What, then? Reflecting for five minutes leads to the profoundly concerning conclusions we arrived at above, to say nothing of the nearly universal stories of the gradual decline of erotic love between devoted partners. What could possibly be our way out?


If there is an answer, it is, in a word, this: 


Infinity.

A human being, as a human being, seems finite. Complex, multidimensional, initially mysterious, yes—but ultimately finite. 


And so a human being, as a human being, is to some extent knowable. It takes time, and devotion, and true love, but eventually one can grasp the nature of a human soul. 

This finite nature, and the resulting finite nature of human mystery, is the root of the problem of intimacy.


And so the only possible way out of the problem would be to locate inside of a finite human being something that is more than finite.


The discovery, direct experience, and love of the infinite, in and through the human beloved, is the only way that eros can be preserved forever in this life, and thus fulfill its ultimate end—to be in love, with the beloved, always, through direct contact with the ever-unfolding mysteries of the beloved’s truest nature. 

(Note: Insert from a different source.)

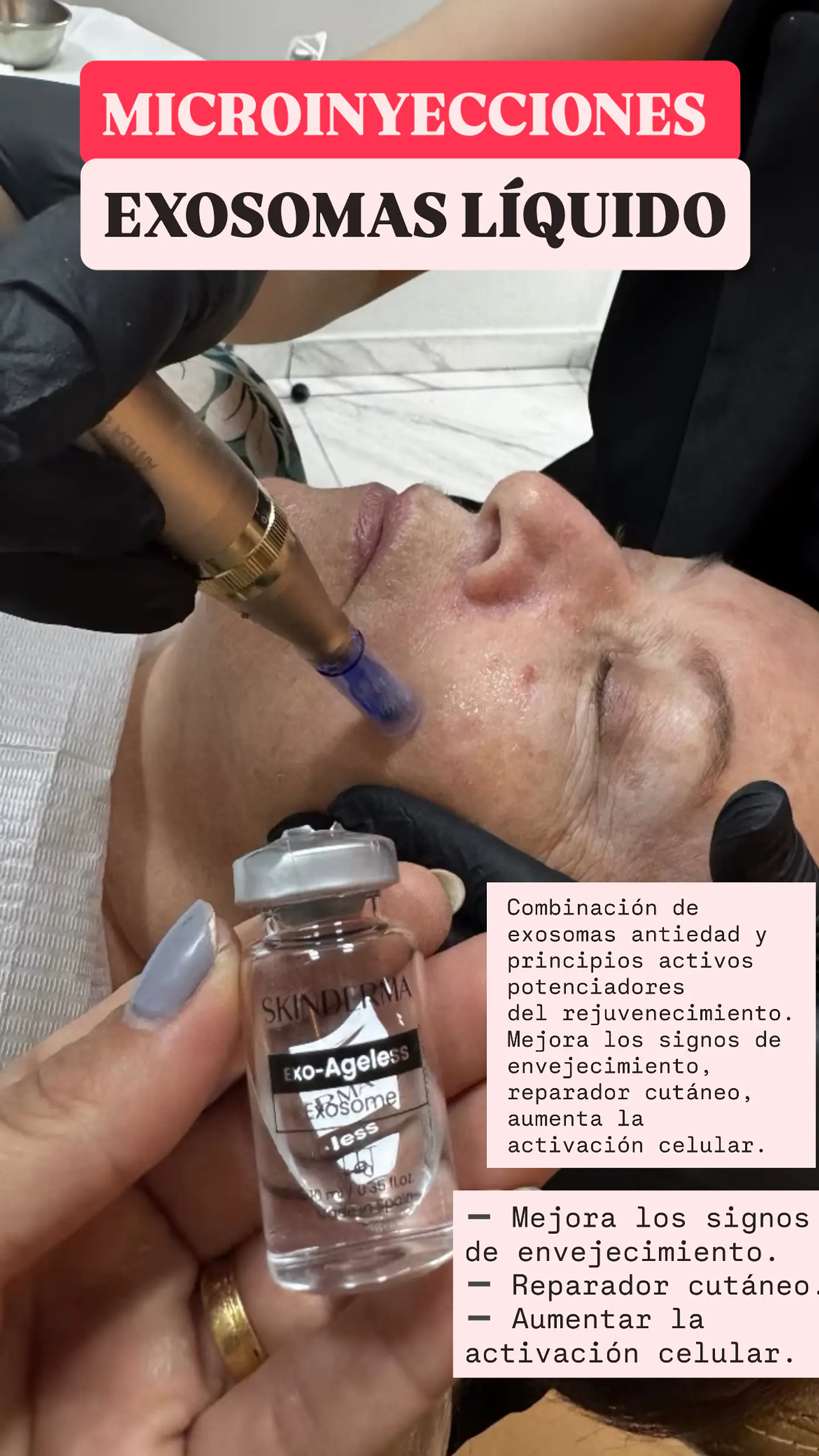 CAJA 5 VIALES 10ML EXOSOMAS Ageless Liquido 3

To see the infinite in every movement, glance, and word of the beloved is the only way to make the math work out.


This, as I understand it, is the foundation and ultimate reason for what we call the practice of sacred intimacy—the practice of systematically, reverently, recklessly opening one’s heart and eyes to the infinite secret unfolding of our beloved’s becoming. 


So we take on this practice, because it is the only hope we have of having what we hope for most. 


Some might say it is simply a game to comfort ourselves from the tragedy of life that we are unwilling to face.


But those people, clearly, have never truly been in love.